[Brief descriptive captions]

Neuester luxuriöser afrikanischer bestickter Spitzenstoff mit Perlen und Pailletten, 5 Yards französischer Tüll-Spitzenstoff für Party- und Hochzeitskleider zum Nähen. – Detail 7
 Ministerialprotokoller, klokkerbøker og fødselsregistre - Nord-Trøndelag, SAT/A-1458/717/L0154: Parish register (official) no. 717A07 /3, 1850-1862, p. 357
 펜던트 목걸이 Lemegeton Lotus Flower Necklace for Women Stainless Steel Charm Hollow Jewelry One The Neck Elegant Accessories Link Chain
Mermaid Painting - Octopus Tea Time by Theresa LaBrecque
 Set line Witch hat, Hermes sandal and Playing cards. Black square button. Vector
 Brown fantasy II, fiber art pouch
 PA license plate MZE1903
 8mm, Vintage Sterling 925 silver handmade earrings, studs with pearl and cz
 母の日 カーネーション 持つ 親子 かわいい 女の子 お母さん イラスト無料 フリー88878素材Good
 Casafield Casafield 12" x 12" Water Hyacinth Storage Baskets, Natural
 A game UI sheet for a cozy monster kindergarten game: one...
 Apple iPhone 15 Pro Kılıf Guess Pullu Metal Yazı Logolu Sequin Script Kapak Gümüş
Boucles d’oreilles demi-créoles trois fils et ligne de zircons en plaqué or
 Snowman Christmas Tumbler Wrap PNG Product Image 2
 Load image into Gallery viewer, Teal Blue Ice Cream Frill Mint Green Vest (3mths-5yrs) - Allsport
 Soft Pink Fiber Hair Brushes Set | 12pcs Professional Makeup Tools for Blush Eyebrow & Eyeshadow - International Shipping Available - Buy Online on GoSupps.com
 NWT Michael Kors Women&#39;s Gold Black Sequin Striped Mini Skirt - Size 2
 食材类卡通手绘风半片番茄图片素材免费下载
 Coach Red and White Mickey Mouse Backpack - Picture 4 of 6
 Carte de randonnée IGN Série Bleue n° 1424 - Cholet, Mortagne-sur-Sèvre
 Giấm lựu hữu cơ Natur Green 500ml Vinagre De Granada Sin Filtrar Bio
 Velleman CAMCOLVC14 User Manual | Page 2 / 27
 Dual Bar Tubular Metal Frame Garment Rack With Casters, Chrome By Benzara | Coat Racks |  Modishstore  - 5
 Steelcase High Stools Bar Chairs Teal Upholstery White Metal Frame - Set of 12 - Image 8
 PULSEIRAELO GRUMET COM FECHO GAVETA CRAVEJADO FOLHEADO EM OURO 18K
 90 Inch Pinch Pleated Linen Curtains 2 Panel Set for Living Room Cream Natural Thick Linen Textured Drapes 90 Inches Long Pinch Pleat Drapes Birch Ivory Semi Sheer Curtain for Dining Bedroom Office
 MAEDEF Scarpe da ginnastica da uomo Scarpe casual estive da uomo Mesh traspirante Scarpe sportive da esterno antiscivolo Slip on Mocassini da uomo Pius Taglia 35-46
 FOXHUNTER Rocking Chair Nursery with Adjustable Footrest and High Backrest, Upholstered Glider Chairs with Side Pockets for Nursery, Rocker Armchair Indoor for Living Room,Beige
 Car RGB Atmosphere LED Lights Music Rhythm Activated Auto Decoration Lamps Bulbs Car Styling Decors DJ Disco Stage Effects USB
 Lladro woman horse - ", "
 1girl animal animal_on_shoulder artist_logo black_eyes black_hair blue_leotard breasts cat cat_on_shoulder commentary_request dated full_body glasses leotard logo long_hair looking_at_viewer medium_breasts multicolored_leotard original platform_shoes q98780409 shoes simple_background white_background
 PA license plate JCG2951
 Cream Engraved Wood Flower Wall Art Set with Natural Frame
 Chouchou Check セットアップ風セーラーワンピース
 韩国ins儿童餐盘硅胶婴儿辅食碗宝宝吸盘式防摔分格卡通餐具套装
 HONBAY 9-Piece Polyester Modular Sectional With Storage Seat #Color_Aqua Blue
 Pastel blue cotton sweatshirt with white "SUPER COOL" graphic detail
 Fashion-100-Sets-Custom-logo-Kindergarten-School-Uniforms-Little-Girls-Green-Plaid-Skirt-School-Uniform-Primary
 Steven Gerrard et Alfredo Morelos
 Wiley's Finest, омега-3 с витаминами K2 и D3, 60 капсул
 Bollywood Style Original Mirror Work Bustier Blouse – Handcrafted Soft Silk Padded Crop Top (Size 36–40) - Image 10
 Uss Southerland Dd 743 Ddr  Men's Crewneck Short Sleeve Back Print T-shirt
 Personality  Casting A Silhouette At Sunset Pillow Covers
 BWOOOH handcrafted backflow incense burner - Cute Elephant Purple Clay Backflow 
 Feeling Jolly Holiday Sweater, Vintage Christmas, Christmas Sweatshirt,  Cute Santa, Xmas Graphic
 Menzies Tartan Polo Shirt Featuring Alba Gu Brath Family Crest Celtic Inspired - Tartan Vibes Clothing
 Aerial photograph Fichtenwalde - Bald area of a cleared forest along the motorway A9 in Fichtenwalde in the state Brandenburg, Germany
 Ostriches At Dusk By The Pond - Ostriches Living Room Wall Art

WORK ORDER - Give back the data above exactly as it appears.

RESPONSE -
Neuester luxuriöser afrikanischer bestickter Spitzenstoff mit Perlen und Pailletten, 5 Yards französischer Tüll-Spitzenstoff für Party- und Hochzeitskleider zum Nähen. – Detail 7
 Ministerialprotokoller, klokkerbøker og fødselsregistre - Nord-Trøndelag, SAT/A-1458/717/L0154: Parish register (official) no. 717A07 /3, 1850-1862, p. 357
 펜던트 목걸이 Lemegeton Lotus Flower Necklace for Women Stainless Steel Charm Hollow Jewelry One The Neck Elegant Accessories Link Chain
Mermaid Painting - Octopus Tea Time by Theresa LaBrecque
 Set line Witch hat, Hermes sandal and Playing cards. Black square button. Vector
 Brown fantasy II, fiber art pouch
 PA license plate MZE1903
 8mm, Vintage Sterling 925 silver handmade earrings, studs with pearl and cz
 母の日 カーネーション 持つ 親子 かわいい 女の子 お母さん イラスト無料 フリー88878素材Good
 Casafield Casafield 12" x 12" Water Hyacinth Storage Baskets, Natural
 A game UI sheet for a cozy monster kindergarten game: one...
 Apple iPhone 15 Pro Kılıf Guess Pullu Metal Yazı Logolu Sequin Script Kapak Gümüş
Boucles d’oreilles demi-créoles trois fils et ligne de zircons en plaqué or
 Snowman Christmas Tumbler Wrap PNG Product Image 2
 Load image into Gallery viewer, Teal Blue Ice Cream Frill Mint Green Vest (3mths-5yrs) - Allsport
 Soft Pink Fiber Hair Brushes Set | 12pcs Professional Makeup Tools for Blush Eyebrow & Eyeshadow - International Shipping Available - Buy Online on GoSupps.com
 NWT Michael Kors Women&#39;s Gold Black Sequin Striped Mini Skirt - Size 2
 食材类卡通手绘风半片番茄图片素材免费下载
 Coach Red and White Mickey Mouse Backpack - Picture 4 of 6
 Carte de randonnée IGN Série Bleue n° 1424 - Cholet, Mortagne-sur-Sèvre
 Giấm lựu hữu cơ Natur Green 500ml Vinagre De Granada Sin Filtrar Bio
 Velleman CAMCOLVC14 User Manual | Page 2 / 27
 Dual Bar Tubular Metal Frame Garment Rack With Casters, Chrome By Benzara | Coat Racks |  Modishstore  - 5
 Steelcase High Stools Bar Chairs Teal Upholstery White Metal Frame - Set of 12 - Image 8
 PULSEIRAELO GRUMET COM FECHO GAVETA CRAVEJADO FOLHEADO EM OURO 18K
 90 Inch Pinch Pleated Linen Curtains 2 Panel Set for Living Room Cream Natural Thick Linen Textured Drapes 90 Inches Long Pinch Pleat Drapes Birch Ivory Semi Sheer Curtain for Dining Bedroom Office
 MAEDEF Scarpe da ginnastica da uomo Scarpe casual estive da uomo Mesh traspirante Scarpe sportive da esterno antiscivolo Slip on Mocassini da uomo Pius Taglia 35-46
 FOXHUNTER Rocking Chair Nursery with Adjustable Footrest and High Backrest, Upholstered Glider Chairs with Side Pockets for Nursery, Rocker Armchair Indoor for Living Room,Beige
 Car RGB Atmosphere LED Lights Music Rhythm Activated Auto Decoration Lamps Bulbs Car Styling Decors DJ Disco Stage Effects USB
 Lladro woman horse - ", "
 1girl animal animal_on_shoulder artist_logo black_eyes black_hair blue_leotard breasts cat cat_on_shoulder commentary_request dated full_body glasses leotard logo long_hair looking_at_viewer medium_breasts multicolored_leotard original platform_shoes q98780409 shoes simple_background white_background
 PA license plate JCG2951
 Cream Engraved Wood Flower Wall Art Set with Natural Frame
 Chouchou Check セットアップ風セーラーワンピース
 韩国ins儿童餐盘硅胶婴儿辅食碗宝宝吸盘式防摔分格卡通餐具套装
 HONBAY 9-Piece Polyester Modular Sectional With Storage Seat #Color_Aqua Blue
 Pastel blue cotton sweatshirt with white "SUPER COOL" graphic detail
 Fashion-100-Sets-Custom-logo-Kindergarten-School-Uniforms-Little-Girls-Green-Plaid-Skirt-School-Uniform-Primary
 Steven Gerrard et Alfredo Morelos
 Wiley's Finest, омега-3 с витаминами K2 и D3, 60 капсул
 Bollywood Style Original Mirror Work Bustier Blouse – Handcrafted Soft Silk Padded Crop Top (Size 36–40) - Image 10
 Uss Southerland Dd 743 Ddr  Men's Crewneck Short Sleeve Back Print T-shirt
 Personality  Casting A Silhouette At Sunset Pillow Covers
 BWOOOH handcrafted backflow incense burner - Cute Elephant Purple Clay Backflow 
 Feeling Jolly Holiday Sweater, Vintage Christmas, Christmas Sweatshirt,  Cute Santa, Xmas Graphic
 Menzies Tartan Polo Shirt Featuring Alba Gu Brath Family Crest Celtic Inspired - Tartan Vibes Clothing
 Aerial photograph Fichtenwalde - Bald area of a cleared forest along the motorway A9 in Fichtenwalde in the state Brandenburg, Germany
 Ostriches At Dusk By The Pond - Ostriches Living Room Wall Art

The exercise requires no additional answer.